インタビュー

漫画家✕ホスト SPインタビュー 

ホストでありながら全く異なる道で活躍している才能溢れる人物を紹介していく人気企画。今回はヤングアニマルで誌面デビューを飾った漫画家の愛島セシル君に迫ります。なぜ彼は二足のわらじを履くのか?じっくり話を聞いてきました

金よりも“経験”
人として成長できる場所
地元の静岡県でずっとプロボクサーを目指していたんですが、視力が落ちてしまい断念することに。その後は誰もやってそうにないサックスに挑戦してみたりしたんですが、3ヶ月で挫折してしまいました。そんな時、兄の勧めで「ジョジョの奇妙な冒険」を読んだんです。その絵を見た瞬間に衝撃が走り、もっとこの先生の事を知りたいって思いました。漫画家になりたいではなく、この先生に会いたいという思いの方が強かったですね。でも会いたいからスグに会えるわけでは当然ないので、どうしたら良いのか考えた結果、〝同じ土俵”に立てば会えるのでは?と。

フットワークは元々軽いので、とりあえず専門学校に通う事にしたんです。学生時代は本当にビンボーでした。2年間洗濯機とレンジがないままでしたよ(笑)。朝8時~21時まで学校で、22時~は朝方までコンビニでバイトする毎日。授業では周りのレベルが高くて自分の力のなさに悔しくて泣いたこともありました。でも、それでも漫画家を諦めようとは1度も思った事はありませんね。「絶対に漫画家になれる」って根拠のない自信だけはあったので(笑)。

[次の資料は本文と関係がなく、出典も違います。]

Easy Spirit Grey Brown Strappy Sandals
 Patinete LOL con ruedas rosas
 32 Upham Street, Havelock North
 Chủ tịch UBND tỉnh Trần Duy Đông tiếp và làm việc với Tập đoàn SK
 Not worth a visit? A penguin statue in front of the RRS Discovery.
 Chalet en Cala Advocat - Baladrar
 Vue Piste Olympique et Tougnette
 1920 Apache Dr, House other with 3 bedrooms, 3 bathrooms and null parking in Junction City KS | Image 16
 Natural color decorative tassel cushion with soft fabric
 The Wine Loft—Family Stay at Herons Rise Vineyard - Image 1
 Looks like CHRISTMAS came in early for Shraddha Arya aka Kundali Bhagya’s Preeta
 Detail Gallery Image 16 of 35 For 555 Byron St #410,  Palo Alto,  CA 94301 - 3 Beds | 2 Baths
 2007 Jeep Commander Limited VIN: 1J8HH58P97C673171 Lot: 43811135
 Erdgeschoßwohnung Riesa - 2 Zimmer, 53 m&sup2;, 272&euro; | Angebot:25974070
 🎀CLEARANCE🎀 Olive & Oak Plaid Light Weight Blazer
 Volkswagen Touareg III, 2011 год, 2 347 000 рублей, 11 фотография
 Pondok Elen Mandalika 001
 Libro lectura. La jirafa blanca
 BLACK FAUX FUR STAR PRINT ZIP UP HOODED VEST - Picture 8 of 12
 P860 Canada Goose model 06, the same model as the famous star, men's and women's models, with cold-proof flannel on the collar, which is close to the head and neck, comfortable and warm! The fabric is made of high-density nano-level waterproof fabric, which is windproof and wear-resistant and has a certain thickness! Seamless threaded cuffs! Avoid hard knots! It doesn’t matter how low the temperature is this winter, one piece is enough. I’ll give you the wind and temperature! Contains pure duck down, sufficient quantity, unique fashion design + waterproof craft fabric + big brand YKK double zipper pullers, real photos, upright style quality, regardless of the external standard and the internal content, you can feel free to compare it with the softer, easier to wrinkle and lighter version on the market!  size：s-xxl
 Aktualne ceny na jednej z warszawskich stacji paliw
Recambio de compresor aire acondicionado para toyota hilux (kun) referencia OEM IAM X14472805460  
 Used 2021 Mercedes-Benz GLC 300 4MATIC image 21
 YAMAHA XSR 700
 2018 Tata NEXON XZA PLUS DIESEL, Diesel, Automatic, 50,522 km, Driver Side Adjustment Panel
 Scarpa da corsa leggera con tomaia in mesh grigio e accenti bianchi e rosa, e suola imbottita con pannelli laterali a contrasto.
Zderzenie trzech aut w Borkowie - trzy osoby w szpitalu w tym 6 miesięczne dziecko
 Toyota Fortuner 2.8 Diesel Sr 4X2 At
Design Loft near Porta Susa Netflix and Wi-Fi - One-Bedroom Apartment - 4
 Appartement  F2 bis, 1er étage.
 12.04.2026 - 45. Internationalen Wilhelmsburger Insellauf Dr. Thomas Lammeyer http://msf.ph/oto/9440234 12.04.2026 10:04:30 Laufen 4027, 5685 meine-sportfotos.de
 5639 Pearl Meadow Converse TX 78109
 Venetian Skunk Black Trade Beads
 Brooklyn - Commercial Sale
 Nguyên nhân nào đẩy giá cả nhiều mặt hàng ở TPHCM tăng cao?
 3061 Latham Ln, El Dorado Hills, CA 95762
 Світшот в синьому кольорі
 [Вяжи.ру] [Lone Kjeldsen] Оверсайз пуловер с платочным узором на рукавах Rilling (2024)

卒業後もコンビニバイトは継続しつつ、空いた時間は作品を作り、ときにはアシスタントとして先生の元で勉強も兼ねて絵を描き続けました。けどふとした瞬間に「なんの為に描いてる?」「本当にこれで成長できるの?」なんて思い始めてしまったんです。漫画だけに専念できる資金とコミュ障だった自分も嫌だったので、思い切って人との関わりが強くて稼げそうなホストに挑戦してみることにしました。いくつかのホストクラブで体入してから、フィーリングがすごくあったtwelveに決めました。会長や店長の人柄とお店のコンセプトに共感したのが理由の1つです。あっ宣伝みたくなっちゃいましたね(笑)。とにかく、ここで1年間みっちりやっていこうと決めたのが去年の7月でした。

漫画とホストの共通点は
「楽しんでもらう」こと
思っていた通り、人と接する機会が多くなって、毎日刺激を受けています。対〝人”ですから、一人ひとり考えてることも違いますから簡単ではないですよね。でもそれが楽しかったりもするんです。最初は売上ばかりを気にしてたんですが、今は来てくれたお客さんが、ここで楽しんでもらえて明日頑張ってくれたらという気持ちで接客させていただいています。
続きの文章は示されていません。